The Coupling Effect suggests that the former is more probable than the later. That is, the complex faults are generally more easier to detect than simple faults.

However, we can immediately see that there are multiple problems with this definition. The first is the question of syntactic neighborhood. What exactly is a simple fault?, and what is a complex fault? Secondly, how do we incorporate features in this definition? Remember that the dividing line between features and bugs change as the levels of abstraction change. For example, an unimplemented, stubbed sort function is a missing feature at the function level. However, if it is relied on by another class, it becomes a bug.

Traditional mutation analysis defines the syntactic neighborhood as within a single token distance. That is, simple faults are faults that are caused by changes in single tokens, while higher order faults are caused by multiple tokens. The problem with this definition is that, this formulation of simple faults do not seem to emulate the real world faults. Our research shows that real world faults are more complex, and we need to take into account at least 10 tokens to account for at least 90% of the faults. This makes the lexical neighborhood as large as expressions and lines, or even functions (not just single tokens, which are often as low as 30%). Further, there is also the problem of mutation operators such as statement and expression deletion, which by the current definition is a complex fault, but intuitively feels like a simple fault (a fault that is caused by a programmer forgetting to add a line).

This suggests a need to re-examine our initial definitions. We suggest the definition of a simple fault should be changed to A simple fault is a fault that can be corrected by changes to a single lexical unit. This ties the definition of a simple fault to a lexical unit under consideration. The lexical unit in question should be identified by statistical analysis of bug fixes (to be done in future research). (Note that if one reduces the lexical unit to tokens, we get the traditional definition of simple faults.) Our formulation cleanly resolves the dichotomy between features and fixes, as the features are now just faults in a larger lexical unit. (This is supported by our empirical analysis which suggests that there is little difference between the size of fault fixes and feature additions).

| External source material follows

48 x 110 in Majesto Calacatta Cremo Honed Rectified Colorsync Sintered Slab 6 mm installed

Finally, by our definition, a higher order mutant is a mutant that is composed of faults in multiple lexical units.

So, what is next? We need to first find the most useful lexical unit empirically, that can be used to determine the lexical neighborhood for a program. Our initial empirical analysis suggests that it may be expressions, statements, or functions. Next we need to identify mutation operators that can transform these lexical units such as functions correctly to emulate faults.

A number of such operators can be imagined. For example, a simple stubbing operator can emulate feature additions. Removing or rearranging synchronization primitives such that not all paths are protected can emulate faults in concurrency. Resource allocation mistakes can be emulated similarly with rearranging allocation and deallocation primitives. While this introduces a limited context sensitivity to mutant generation, we gain the ability to incorporate more complex faults as more patterns of faults (such as the heart bleed bug) become known. we can incorporate missing taint checks, or missing exception handling to investigate robustness of test suites against these errors.

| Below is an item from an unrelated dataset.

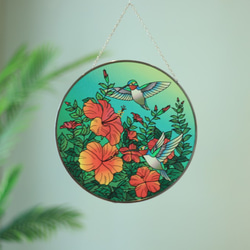 Sun Catcher・捕光者・Suncatcher・直徑25cm・彩繪玻璃吊飾・蜂鳥款 第1張的照片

One may ask what we gain by considering these as simple faults rather than as higher order faults as it is done traditionally in mutation analysis. The benefit is that our definition of first order can now match the intuitive definition of bugs in the software industry, and higher order mutants are actual interactions between bugs as we understand them (traditionally a blind spot of mutation analysis), rather than just multiple token changes at the same location, that most software practitioners will consider as part of the same bug.

Adopting this definition, and implementing mutation operators that actually resemble real faults can lead to better measurement of the effectiveness of test suites in the real world.